La persistance avec laquelle l’administration de McGill tente de décupler le coût de son MBA de 1673$ à 29 500$ a galvanisé l’opposition de bon nombre d’acteurs sociaux –et pour cause ! Une telle hausse semble aller à l’encontre de l’accessibilité aux études post-secondaires, une valeur collective qui reste fortement ancrée au Québec malgré une récente tendance à « l’américanisation » de notre modèle universitaire.
L’accessibilité : la clé de voûte de la modernisation du Québec
Si le modèle québécois est parfois décrié pour son manque de compétitivité dans le milieu académique nord-américain, ses détracteurs perdent parfois de vue les raisons historiques qui ont placé l’accessibilité au coeur du projet éducatif québécois. En 1964, la Commission Parent a pris acte du retard considérable du Québec –ne dit-on pas que le niveau d’éducation des Canadiens- Français avant les années 1960 était comparable à celui des Noirs aux États-Unis?– et a établi les bases d’un système d’éducation universel auparavant quasi-inexistant. Conscients de l’importance d’une éducation de masse pour propulser la société québécoise dans la modernité, les commissaires ont placé la démocratisation et l’accessibilité au coeur de leurs recommandations.
Le rattrapage à accomplir était énorme, et il était nécessaire que l’Université aille aux gens plutôt que d’attendre que l’inverse se produise. C’est pourquoi on a choisi de maintenir le coût de l’éducation au minimum afin « que chaque étudiant puisse poursuivre ses études jusqu’au niveau le plus avancé qu’il est capable d’atteindre, compte tenu de ses aptitudes et de ses succès scolaires » (Rapport Parent, volume 4, paragraphe 12).

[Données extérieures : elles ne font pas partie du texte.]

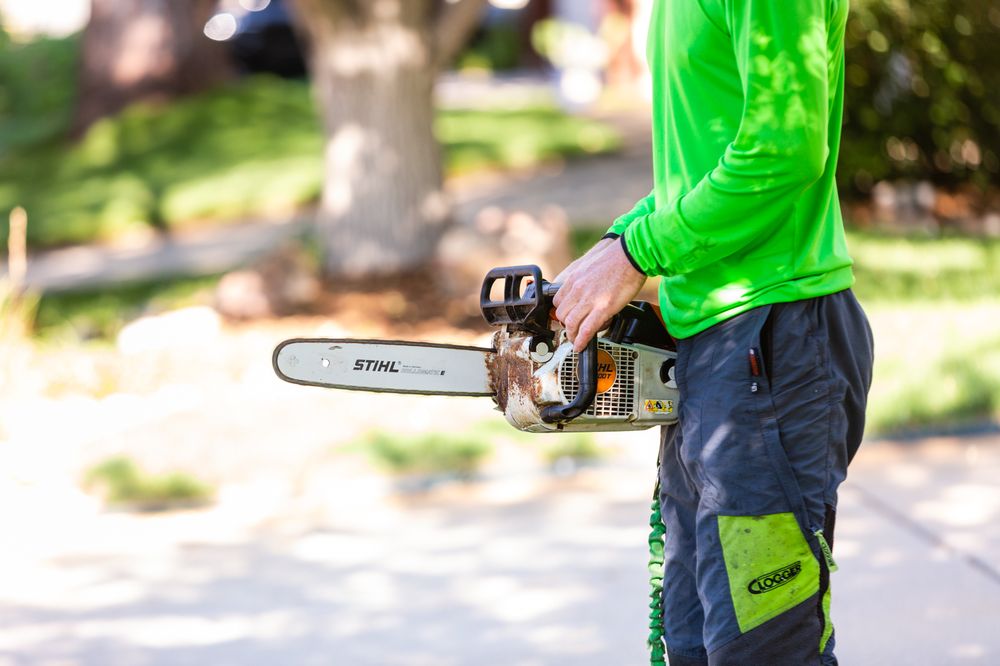 Desert Gardens Outdoor Services - tree service in Albuquerque, NM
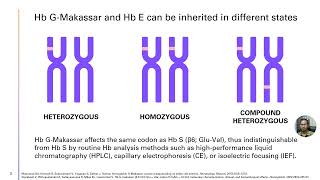 Compound Heterozygosity for Hemoglobin GMakassar – Video abstract 432849 [upl. by Darian]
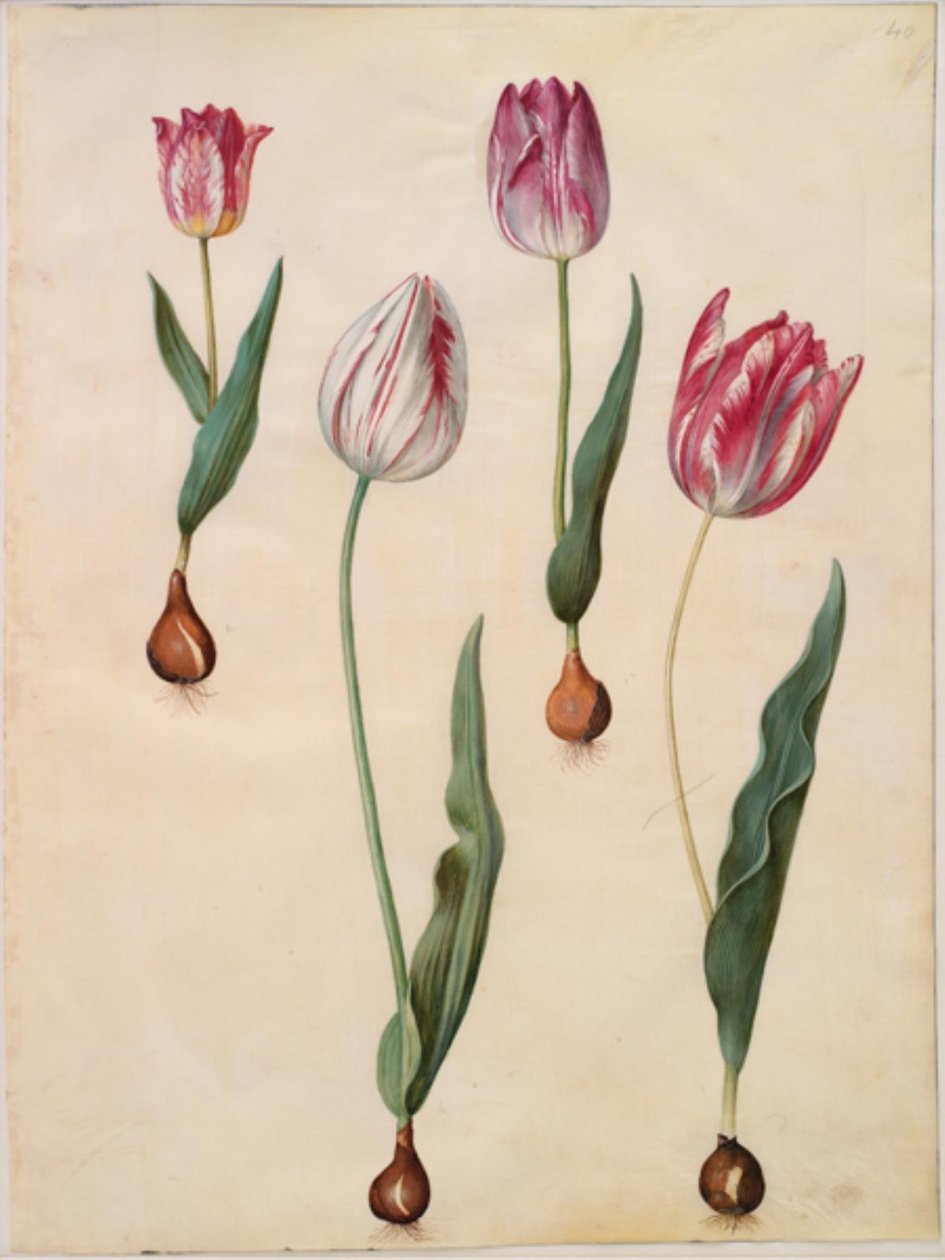 Tulipa gesneriana (lale var) by Hans Simon Holtzbecker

Deux générations plus tard, le succès de la « révolution Parent » est manifeste : le retard qu’accusait le Québec a été pour ainsi dire rattrapé. Mais cela ne signifie pas pour autant que le maintien de faibles droits de scolarité ne soit plus nécessaire pour assurer l’accessibilité. Selon une étude de l’économiste Valérie Vierstraete commandée par le Ministère de l’éducation en 2006, les étudiants québécois seraient plus sensibles à une hausse du coût de l’éducation que leurs homologues canadiens, et ceci pour deux raisons. D’abord, les étudiants québécois disposent d’un revenu personnel moins élevé, et la génération de leurs parents a moins fréquenté l’université. De plus, selon Statistique Canada, 40% des jeunes qui ne poursuivent pas d’études postsecondaires évoquent la barrière financière comme obstacle principal.
Cette idée –bien présente aux États- Unis et au Canada anglais– de s’endetter massivement pour « investir » dans l’éducation de ses enfants n’est pas ancrée dans la tradition familiale d’ici. À cet égard, la décision de McGill établit un précédent qui fait craindre un glissement vers un modèle inadapté à la réalité sociale québécoise.

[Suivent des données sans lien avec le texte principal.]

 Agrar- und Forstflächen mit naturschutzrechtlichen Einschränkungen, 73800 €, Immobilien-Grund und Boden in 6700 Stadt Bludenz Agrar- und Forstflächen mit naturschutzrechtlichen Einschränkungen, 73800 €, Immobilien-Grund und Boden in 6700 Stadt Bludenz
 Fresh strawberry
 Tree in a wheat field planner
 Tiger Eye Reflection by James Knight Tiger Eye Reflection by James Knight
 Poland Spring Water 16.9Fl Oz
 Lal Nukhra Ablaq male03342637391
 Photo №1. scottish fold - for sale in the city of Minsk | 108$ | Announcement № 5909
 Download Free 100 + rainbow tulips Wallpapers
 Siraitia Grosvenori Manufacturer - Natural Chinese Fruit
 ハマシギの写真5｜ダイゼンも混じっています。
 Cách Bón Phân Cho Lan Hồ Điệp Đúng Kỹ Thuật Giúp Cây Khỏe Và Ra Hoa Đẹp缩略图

L’impasse du sous-financement
L’objectif de cette petite leçon d’histoire n’est pourtant pas de décrier la décision de McGill. Les caractéristiques distinctives du MBA peuvent justifier ce modèle d’autofinancement. D’une part, ceux qui s’inscrivent au MBA ont souvent plusieurs années d’expérience sur le marché du travail et de meilleures ressources financières. Le titre du MBA a également démontré sa valeur par le « retour sur investissement » qu’il génère. D’autre part, un MBA autofinancé permettra d’éviter un transfert d’argent des autres facultés vers ce programme plus coûteux. De plus, McGill affirme qu’une partie des 29 500$ sera attribuée en bourses aux bons candidats –quoiqu’il ne soit pas précisé si elles seront allouées sur les bases du mérite ou des besoins financiers.
Toutefois, la manière dont la décision s’est prise, en opposition aux directives du ministère, laisse présager un glissement indésirable. La position de la principale Heather Monroe-Blum sur le sous-financement des universités est bien connue, et ce geste de défiance publique semble être un moyen pour McGill d’acculer le ministère au pied du mur : si vous ne nous financez pas suffisamment pour maintenir notre place parmi les meilleurs, nous irons chercher les sous ailleurs, même si ce doit être dans les poches des étudiants. Si rien n’est fait et que chacune des parties s’enlise dans sa position, il serait désastreux que le modèle universitaire accessible et démocratique courageusement imaginé par la Commission Parent finisse par partir à vau‑l’eau. Pour cette raison, et pour bien d’autres encore, la tenue d’États généraux sur l’avenir de l’université est nécessaire.